YORK’S highly acclaimed production of The Railway Children will be heading south this summer as part of an ambitious plan to make Yorkshire the UK’s top visitor destination.

The show will take centre stage at the new Welcome to Yorkshire theatre in London’s Waterloo station and at the entrance will be an exhibition designed to showcase Yorkshire to the ten million people a month who use the station.

The move is one of a series of initiatives which were unveiled by tourism boss Gary Verity at the Y10 conference in Harrogate yesterday. Other steps include sponsoring TV show Who Wants To Be A Millionaire? and branding trains with promotional livery.

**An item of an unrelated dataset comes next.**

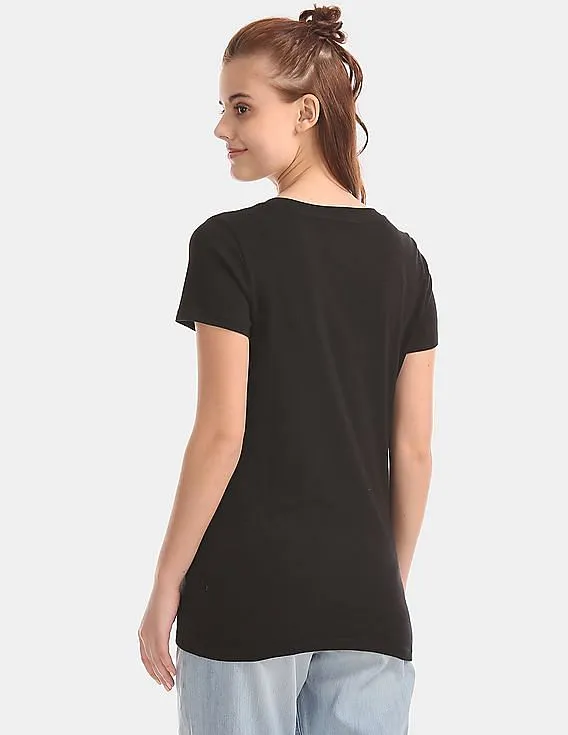 GAP Women Black Short Sleeve Tee With Sequin Logo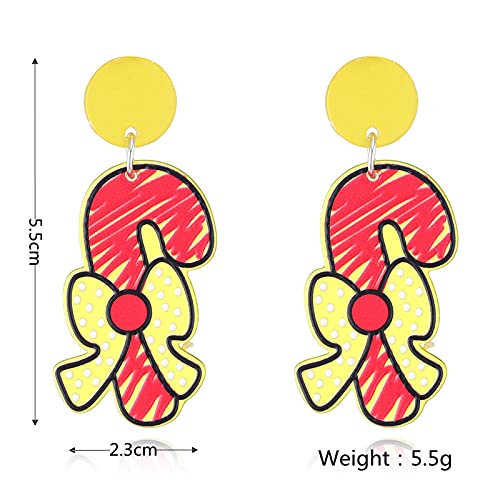 Sharplace Pendientes de botón de Navidad Creativo Dulce cuelga Joyería de botón de Dibujos Animados Lindo para Navidad - Muleta, 0.91 × 2.17 Pulgadas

Mr Verity said the York Theatre Royal and National Railway Museum adaptation of Edith Nesbitt’s classic would be “the most exciting show in London since The Lion King” and said: “Yorkshire is all over it like a rash.”

Clare Mills, of the Royal York Hotel, joined Complete York tour guide Keith Mulhearn to launch the Yorkshire Pass, which is the first regional sightseeing pass in Britain and replaces the popular York Pass.

It will offer discounts to more than 50 attractions across the county.

Welcome to Yorkshire has already agreed to sponsor this year’s Ebor Festival at York Racecourse and Mr Verity announced more sponsorship deals, including the Scarborough Cricket Festival and the Mountain Bike World Cup, which will be held in Dalby Forest, near Pickering.

Mr Verity promised there would be more support for Yorkshire’s cities, businesses and rural areas and said he wanted the county to become the “region of choice for green tourism.”

He said: “At Y09 we launched Welcome to Yorkshire and made some big promises.

“Today we highlighted how we have fulfilled those promises and increased the number of visitors to the region.

“But we’re not resting on our laurels and have ambitious plans to do even better in 2010.

“Tourism is vitally important to the region’s economy and with over a quarter of a million people working in the tourism sector we are determined to do all we can to secure and hopefully, create more jobs.”

Other schemes announced at the conference include trains and planes branded with the Welcome to Yorkshire logo, similar to the ones adorning the hugely successful Hull and Humber clipper, which is currently flying the Yorkshire flag in the Round The World Yacht Race.

And Mark Robinson, producer of ITV’s The Lakes drama, delighted delegates by saying he is filming a follow-up in the Yorkshire Dales, which is due to be screened next spring. The best of Yorkshire’s food took centre stage and Rosie Winterton, minister for Yorkshire and Humber, was on hand to judge at the deliciouslyorkshire cook-off, which included Michelin starred chef Andrew Pern, of The Star at Harome and Jill Rhatigan of the Feversham Arms in Helmsley.